Milton tenía 18 meses, y no había intentado hablar. Su nombre para nuestro perro era Atú, y para nuestro gato, Atutú. Ahora seguía sin intentar hablar. Sus habilidades de resolución de conflictos parecían mucho más avanzadas que las de la mayoría de los niños de su edad. Evidentemente, era muy inteligente y entendía todo lo que alguien decía.

Milton se comunicaba con nosotros por medio de su propia versión de lenguaje de señas. Llegó a convertirse en una forma de entretener a sus hermanos mayores, como una especie de “dígalo con mímica”. Sus ojos brillaban cada vez que acertábamos. Sin embargo, a mamá y a papá no les parecía chistoso y estaban pensando en llevarlo a un fonoaudiólogo.

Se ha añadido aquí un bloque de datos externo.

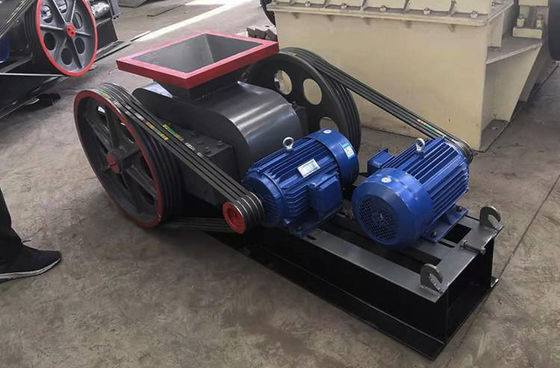 Coal Coke Two Roller Crusher Double Roll Small Quartz Limestone Rock Stone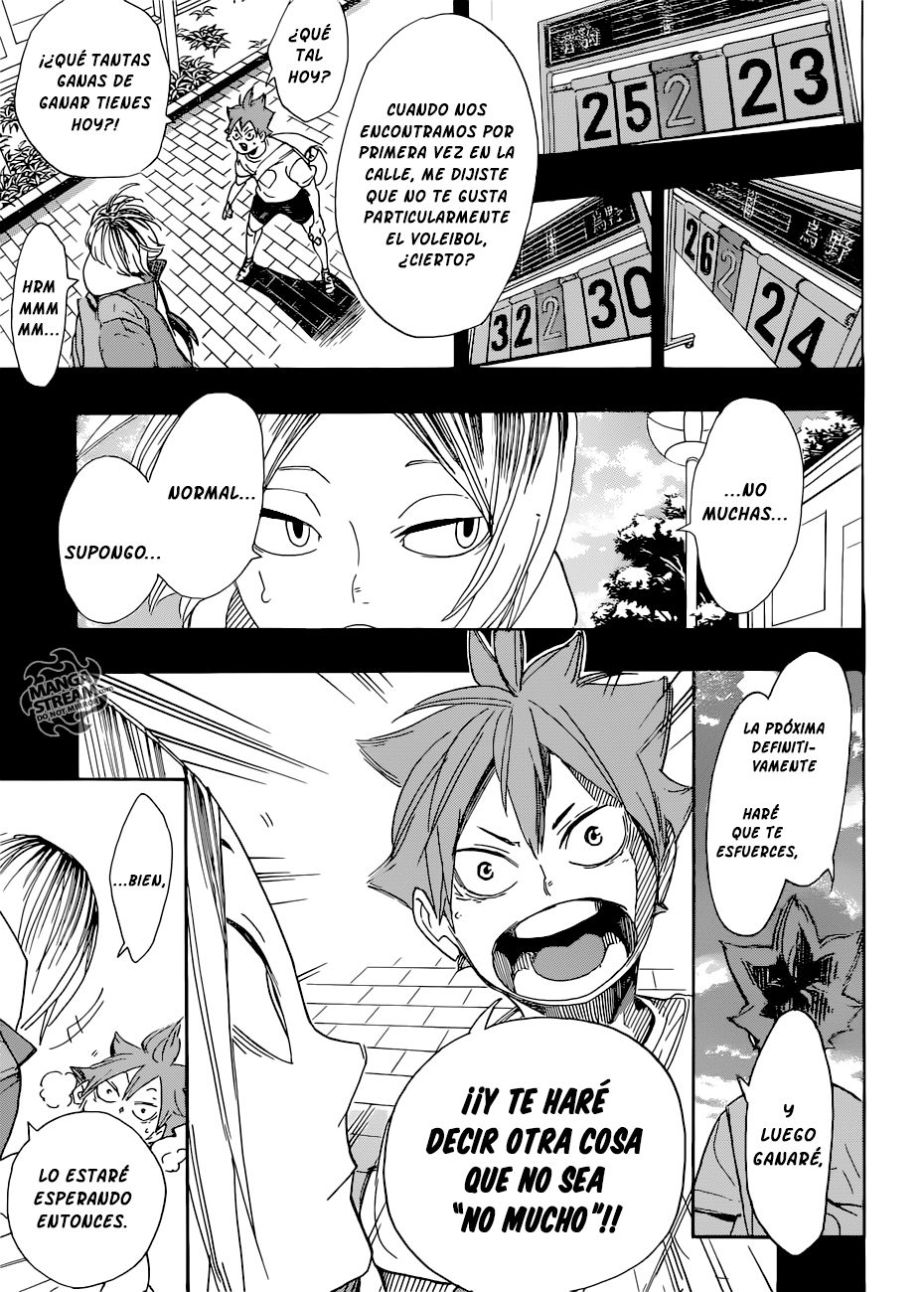 Read Haikyu ES Manga Online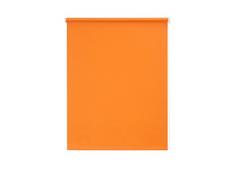 Sunlines HWA10452 Seitenzugrollo Verdunklung, Stoff, mango/weiß, 102 x 180 cm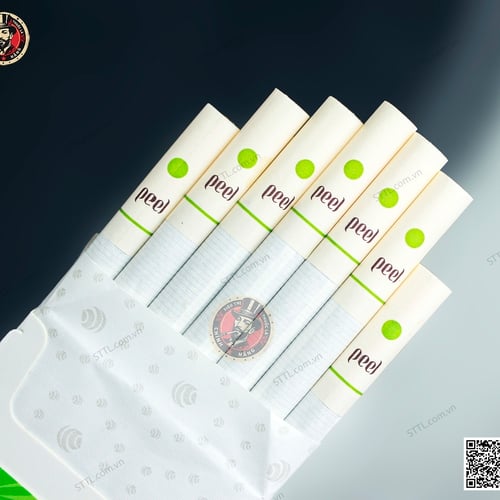 Peel Xanh Butterfly Capsule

Un día, cuando nuestros padres se habían ido a la ciudad, le dije a mi hermano menor:

–Milton, ya tienes tres años. Mamá y papá están pensando en llevarte a un fonoaudiólogo. Pero yo sé que tú puedes hablar, así que es hora de que comiences. Cuando mamá y papá vuelvan a casa, esto es lo que debes decir: “Mamá y papá, ¡estoy tan feliz de que estén en casa!”

Lo practicamos varias veces.

Cuando escuchó el sonido del auto que llegaba a casa, Milton corrió afuera y empezó a dar saltos alrededor del auto.

–¡Mamá y papá, estoy tan feliz de que estén en casa! ¡Mamá y papá, estoy tan feliz de que estén en casa!

Mamá y papá lo abrazaron fuertemente. Luego de eso, Milton charlaba constantemente, utilizando un vocabulario muy avanzado para un niño de tres años.

Aunque Milton era alegre y optimista y mantenía una actitud generosa en el círculo familiar, a veces cuando yo iba a buscarlo me decía: “Está bien, mamá”, y luego repetía lo que yo decía en broma. Él copiaba todo lo que yo hacía. Yo no quería decepcionarlo, así que era muy cuidadosa con cada movimiento que daba. Si yo ignoraba mis tareas hogareñas, él ignoraba las suyas. Si yo tomaba atajos, él hacía lo mismo. Traté de ser un buen ejemplo.

El trabajo duro rinde sus frutos

–Papá, ¡tengo tanto calor! ¿Puedo ir a nadar al río?

–Por supuesto, Marlyn. Iremos todos después de comer, si llegamos a nuestro objetivo diario para ese entonces. Por ahora, busca un poco de agua para beber y sigue trabajando con la azada.

Era un trabajo agotador y hacía mucho calor, pero disfrutaba de trabajar junto a mis padres y hermanos. Papá tenía un contrato para trabajar para el Estado de California en un programa estatal para el tratamiento de roya vesicular en pinos blancos de la cordillera de Sierra Nevada, sobre Emigrant Gap. La roya vesicular es una afección producida por un hongo que ataca a los pinos, pero requiere una planta huésped, que en esa parte del terreno eran las matas de grosellas. Si te deshacías de las grosellas, te deshacías de la roya.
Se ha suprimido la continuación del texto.